A comparison of the response curves of the test and simulation show that the simulation model built in this study accurately simulates the dynamic characteristics of the actual pressure compensation system.

The influence of the triangular groove shape of the valve core on the hydrodynamic response characteristics was analyzed using FLUENT software. The results showed that the triangular groove structure could produce a flow component in the negative direction. This part of the liquid flow reversely impacts the liquid flowing in the positive direction, thereby increasing the flow angle of the liquid at the outlet and jet angle. This structure effectively compensated for the hydrodynamic force and reduced pressure loss along the path.

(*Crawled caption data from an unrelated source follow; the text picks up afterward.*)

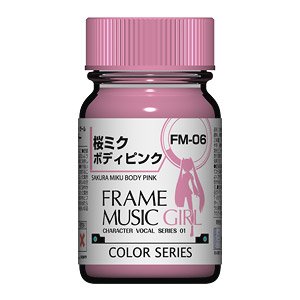 FM-06 桜ミクボディピンク (フレームミュージック・ガール 桜ミク 服の色) (半光沢) 15ml (塗料)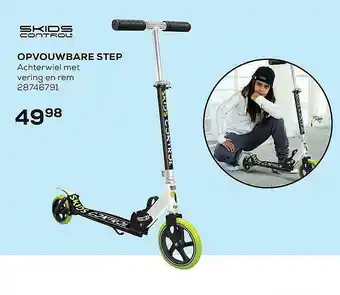 Supra Bazar Opvouwbare step skids control aanbieding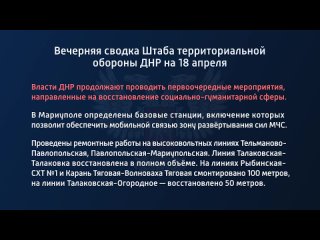 best вечерняя сводка штаба территориальной обороны днр на 18 апреля 2022 года власти днр продолжают проводить best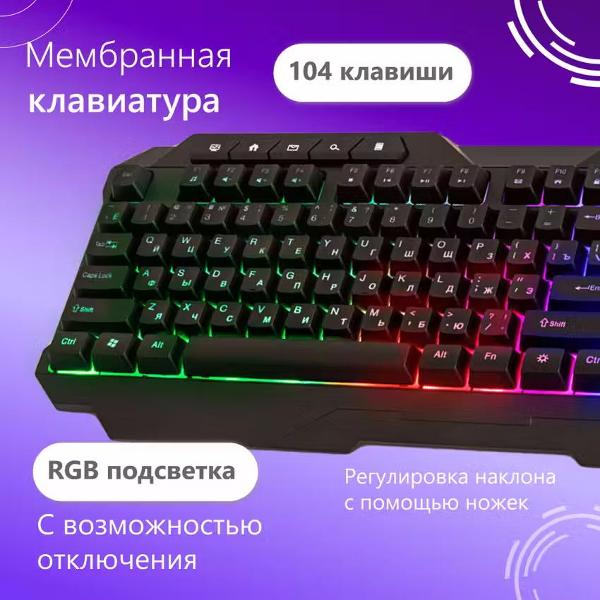 Комплект клавиатура и мышь игровые Fusion GKIT-438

The simulation models of the pressure compensation systems were built using AMESIM software. The influence of the pressure compensation valve spring preload, spring stiffness, and viscous damping coefficient on the pressure compensation characteristics was studied. The final spring preload, spring rate, and viscous damping coefficient were 471 N, 30000 N/m, and 2.5 s⋅N/m, respectively. A comparison of the load-step changes for the two systems showed that the response times of both systems were similar. The maximum fluctuations of the new pressure compensation system were 0.54 L/min, 0.017, and 0.006 MPa, with improved stability. In other words, its pressure compensation characteristics were better than those of the reverse valve.

A test platform was built to evaluate the electrohydraulic proportional valve. The results showed that the pressure difference at the main valve port was approximately 0.73 MPa, and the response time was approximately 0.2 s. The test and simulation curves were consistent, which verifies the accuracy of the mathematical and simulation models. An experimental analysis of different working conditions proved that the electrohydraulic proportional valve has good pressure-compensation performance and can replace similar products.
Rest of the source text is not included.